The study authors modeled 226 ski areas in four regional ski markets in the U.S. to predict what the country’s ski industry may look like without influences from climate change, such as a loss of snow and the need to make artificial snow, as well as what ski seasons could look like in the future.

According to the study, which was published in the journal Current Issues in Tourism, the average ski season in the U.S. from 2000 to 2019 was shortened by about 5.5 to 7.1 days, even with supplemental snowmaking, compared to the average ski season from 1960 to 1979.

“Climate change is an evolving business reality for the ski industry and the tourism sector. The record-breaking temperatures this winter provided a preview of the future,” Daniel Scott, co-author of the study and a professor at the Department of Geography and Environmental Management of the University of Waterloo in Canada, said in a statement. “It tested the limits of snowmaking in many areas and altered millions of skiers’ ski visits and destination choices.”

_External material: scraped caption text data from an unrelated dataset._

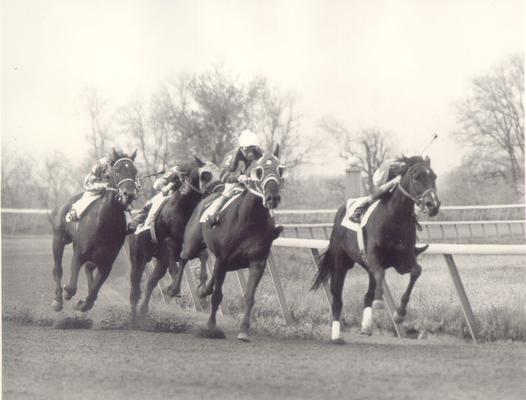 Horses; Thoroughbred Racing; Race Scenes; Four horses racing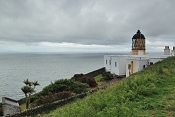 Palmy na Mull of Kintyre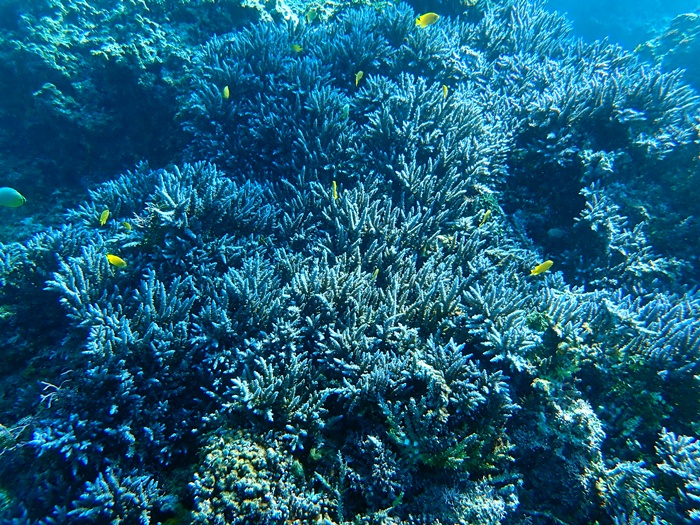 宮古島での環境省モニタリング1000調査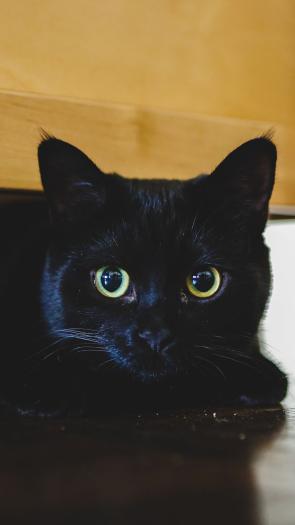Een zwarte kat kijkt de camera in.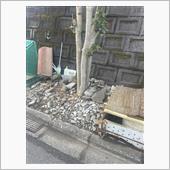 以前投稿した不法投棄ゴミ無く ...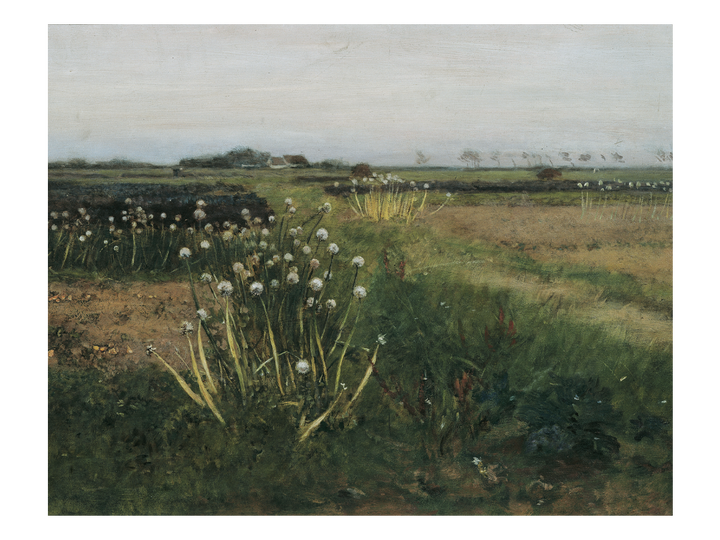 Field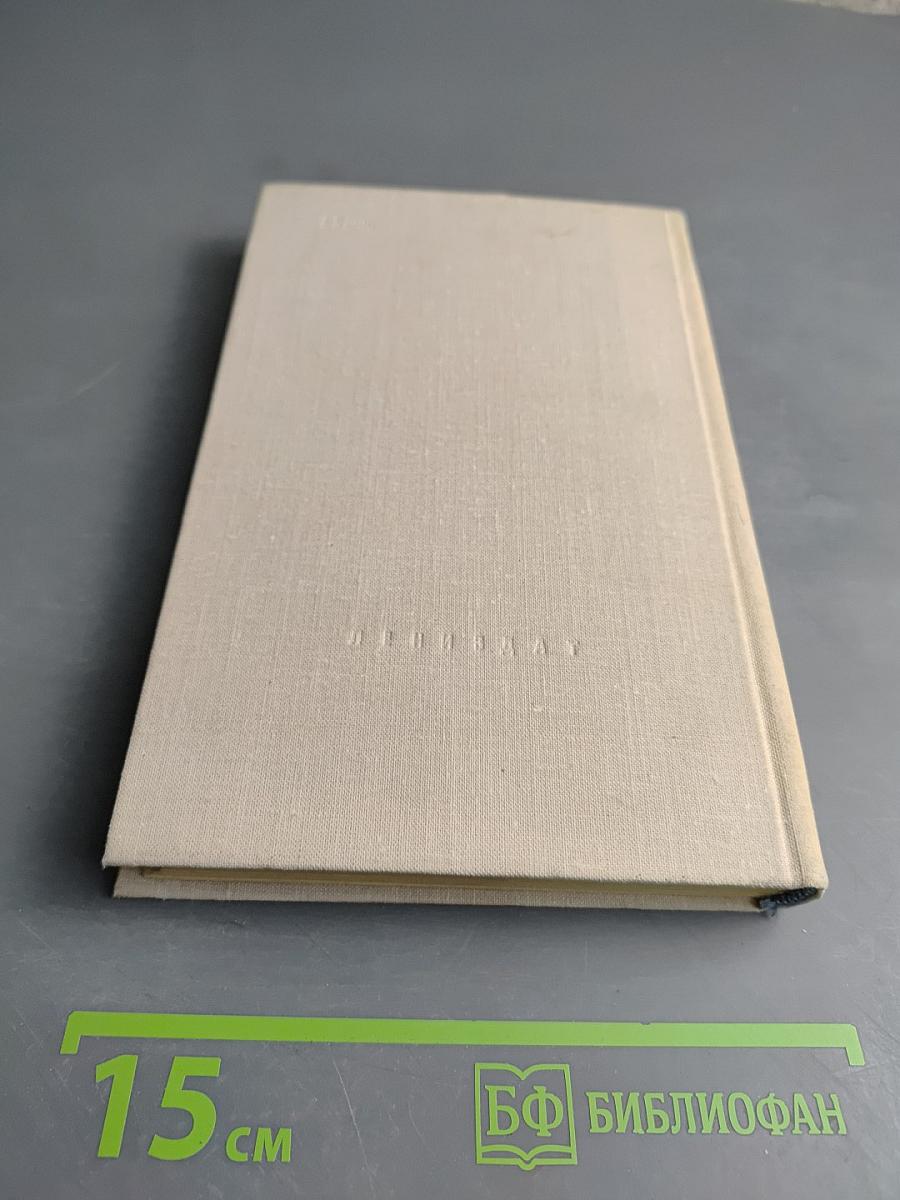 Город-фронт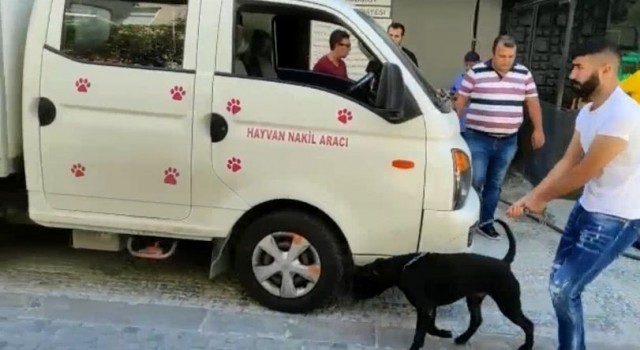 Kadıköyde köpek saldırısı: Köpeğin sahibine para cezası yağdı
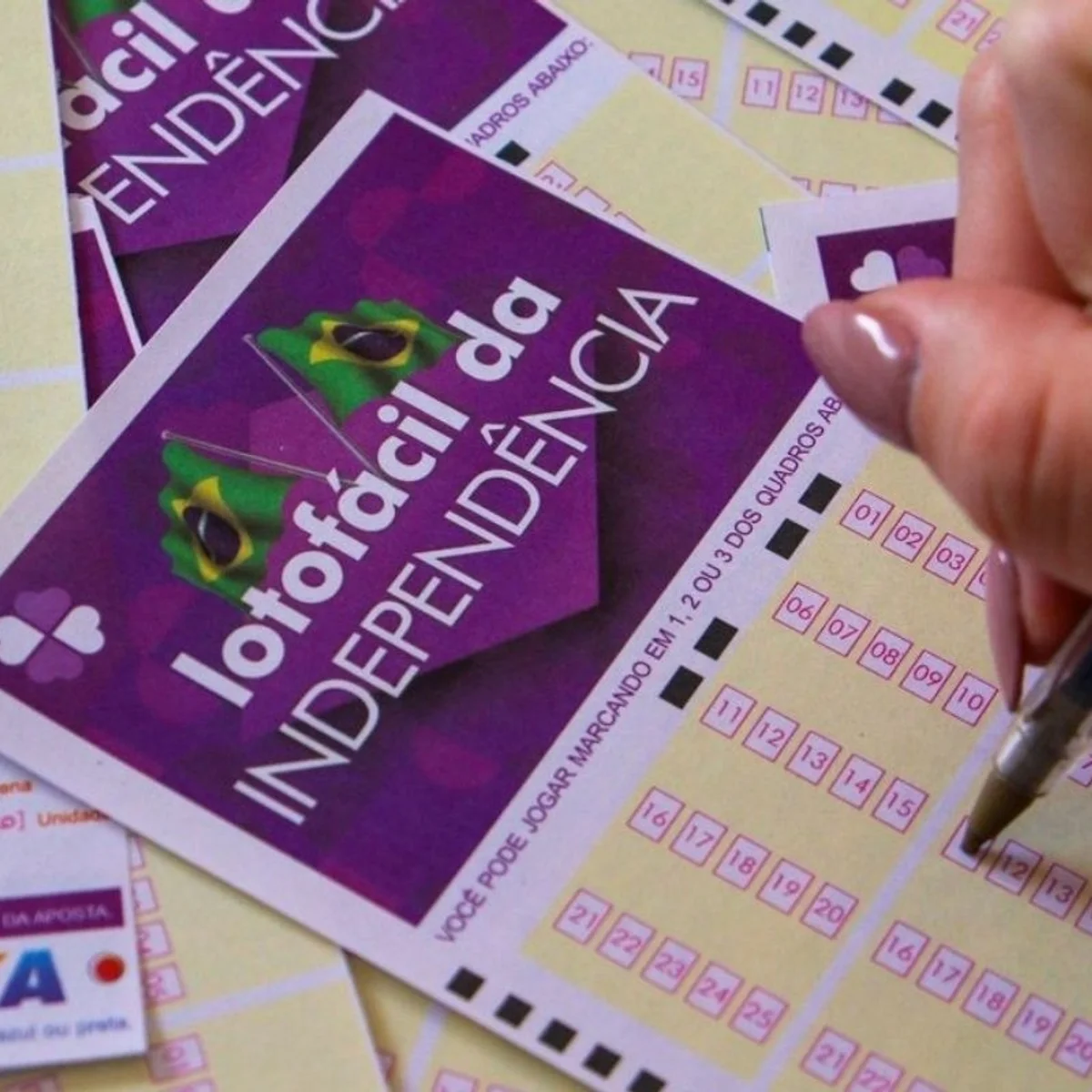 Lotofácil da Independência: três apostadores do DF ganham R$ 4,4 milhões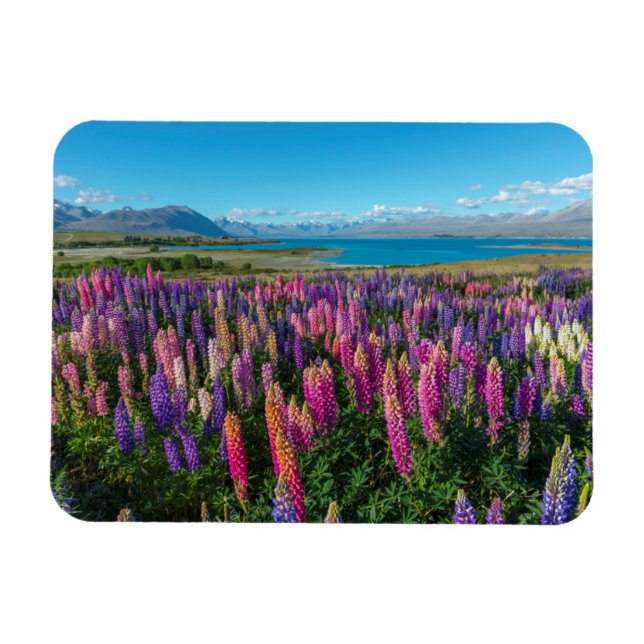 Imán Lupines rusos en el lago Tekapo | Nueva Zelanda (Horizontal)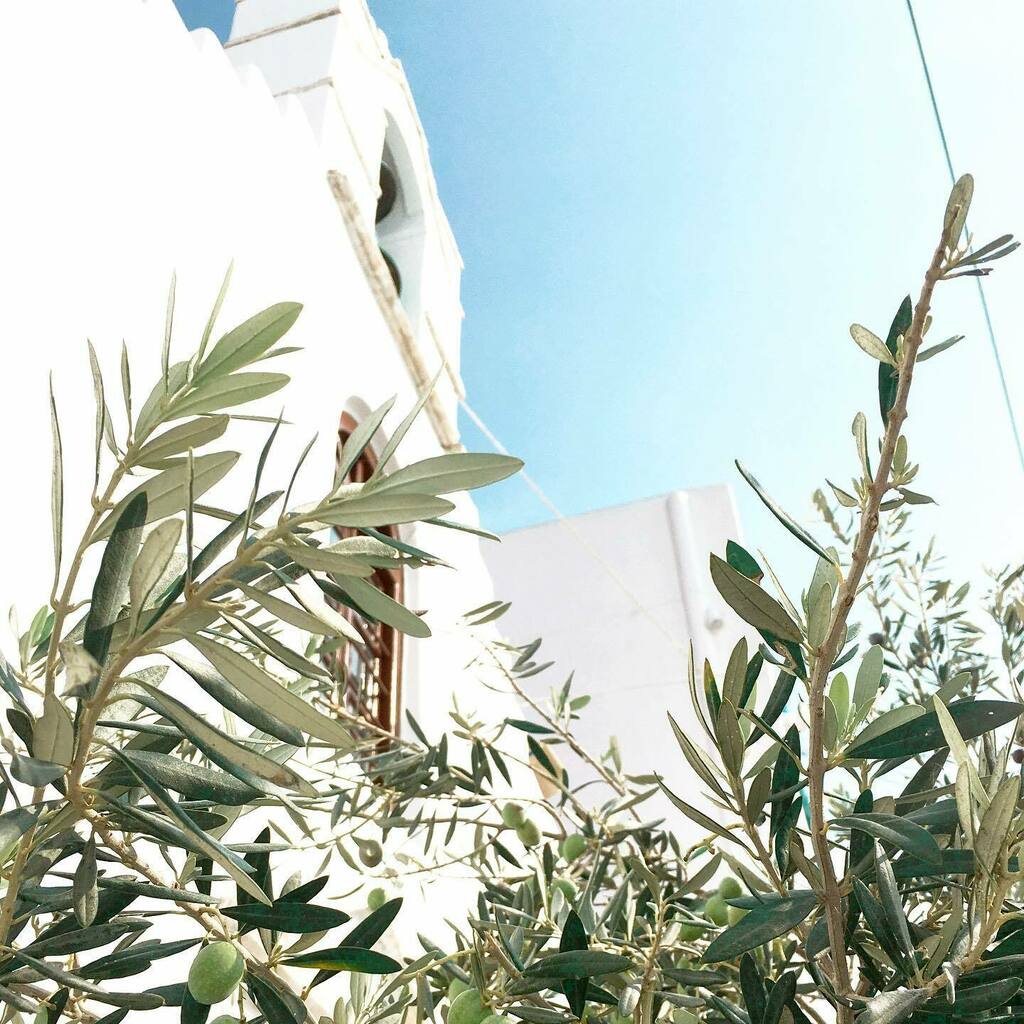 Axvqzh47gtyvum Axvqzh47gtyvum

Because of the shortened ski seasons and the need to make artificial snow to supplement lower amounts of natural snow, the researchers estimated the costs to total around $252 million per year. As The Guardian reported, this amounts to an estimated $5 billion in losses for ski resorts over the 20-year timeframe.

The authors noted that these cost estimates may be lower than reality, too, because they only factored in direct losses from fewer visitors and higher costs for snowmaking. The study’s calculations did not include estimates for losses from fewer hotel stays, retail spending and other operational costs.

“We are probably past the era of peak ski seasons,” Scott said. “Average ski seasons in all U.S. regional markets are projected to get shorter in the decades ahead under all emission futures. How much shorter depends on the ability of all countries to deliver on their Paris Climate Agreement emission reduction commitments and whether global warming temperatures are held below two degrees Celsius.”

According to the study, ski seasons could decrease by 14 to 33 days in a low-emissions scenario, or the average ski season may be 27 to 62 days shorter with continued high emissions. In total, this could lead to an estimated $657 million to $1.352 billion in losses for the U.S. ski industry per year.